Adventure Comics no. 293: Original Superman writer Jerry Siegel and artists John Forte and Wayne Boring created the 1960s series “Tales Of The Bizarro World” which ran in Adventure Comics and starred Bizarro Superman, better known as Bizarro No. 1. Each of these stories opened with a rundown on the alien troublemaker’s backstory: “Far off in outer space exists the weirdest, zaniest planet in the entire universe… The square Bizarro World! It is the home of the stupid pathetic Bizarro creatures who are imperfect duplicates of Superman and his friends.” The grammatically challenged Bizarros had their own moral code: “Us do the opposite of all Earthly things! Us hate beauty! Us love ugliness! Is big crime to make anything perfect on Bizarro World!”

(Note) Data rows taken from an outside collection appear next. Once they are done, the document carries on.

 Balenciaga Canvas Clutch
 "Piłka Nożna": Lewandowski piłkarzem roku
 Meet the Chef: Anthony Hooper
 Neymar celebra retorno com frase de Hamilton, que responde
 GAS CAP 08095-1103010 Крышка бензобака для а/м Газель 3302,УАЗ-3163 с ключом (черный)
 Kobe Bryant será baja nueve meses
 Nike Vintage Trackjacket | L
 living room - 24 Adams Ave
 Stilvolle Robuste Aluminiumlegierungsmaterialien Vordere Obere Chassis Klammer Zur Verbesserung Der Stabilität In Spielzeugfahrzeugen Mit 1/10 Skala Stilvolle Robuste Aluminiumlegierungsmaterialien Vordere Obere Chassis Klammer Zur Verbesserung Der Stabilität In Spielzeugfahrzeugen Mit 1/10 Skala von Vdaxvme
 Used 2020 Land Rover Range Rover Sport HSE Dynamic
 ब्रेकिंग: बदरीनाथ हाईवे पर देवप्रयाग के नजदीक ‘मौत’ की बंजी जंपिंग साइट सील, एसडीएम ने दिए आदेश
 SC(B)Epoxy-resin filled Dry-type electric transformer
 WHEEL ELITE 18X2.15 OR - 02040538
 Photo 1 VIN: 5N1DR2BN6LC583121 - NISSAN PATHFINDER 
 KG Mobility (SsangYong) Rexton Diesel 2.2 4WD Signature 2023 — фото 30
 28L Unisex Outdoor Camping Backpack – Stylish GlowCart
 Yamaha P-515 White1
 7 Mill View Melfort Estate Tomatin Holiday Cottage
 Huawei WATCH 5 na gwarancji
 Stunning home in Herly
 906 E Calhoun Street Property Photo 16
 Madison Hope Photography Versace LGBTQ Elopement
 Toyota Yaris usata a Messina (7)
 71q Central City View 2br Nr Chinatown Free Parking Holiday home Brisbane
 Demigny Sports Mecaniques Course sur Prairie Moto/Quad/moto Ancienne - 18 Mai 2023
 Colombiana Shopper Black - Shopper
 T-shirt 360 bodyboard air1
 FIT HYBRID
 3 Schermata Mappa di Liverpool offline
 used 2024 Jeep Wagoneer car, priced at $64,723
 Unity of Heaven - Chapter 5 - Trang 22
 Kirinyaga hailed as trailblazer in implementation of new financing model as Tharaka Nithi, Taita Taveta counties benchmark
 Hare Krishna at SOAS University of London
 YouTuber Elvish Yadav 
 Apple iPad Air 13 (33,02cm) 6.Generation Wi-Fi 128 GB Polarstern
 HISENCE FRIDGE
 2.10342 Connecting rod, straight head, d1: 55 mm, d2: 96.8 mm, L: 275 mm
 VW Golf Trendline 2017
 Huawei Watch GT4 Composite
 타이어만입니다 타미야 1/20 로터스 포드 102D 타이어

In the February 1962 issue of Adventure Bizarro No. 1 becomes entangled with “The Good Deeds Of Bizarro Luthor,” the jovial conscientious counterpart of Superman’s arch nemesis Lex Luthor. After committing a crime of perfection, Bizarro No. 1 can only avoid punishment by helping Bizarro Luthor with some earthly community improvement projects. These good deeds fall hilariously flat. In the biggest gaffe, Bizarro No.1 leads a group of his fellow aliens in carving an honorary bust of Superman and Clark Kent onto a mountainside. Underneath it he inscribes giant text reading, ”CLERK KENT AM SECRUT IDENTITEE UV SOUPERMANN.” This scruffy and klutzy version of good will represents the disparity between the ever-graceful Man Of Steel and the Bizarros. Their sculpture’s placement within a Mount Rushmore-esque context is a celebration of Superman’s cultural significance as a sacred cow ripe for slaughter at the hands of contrarian provocateurs.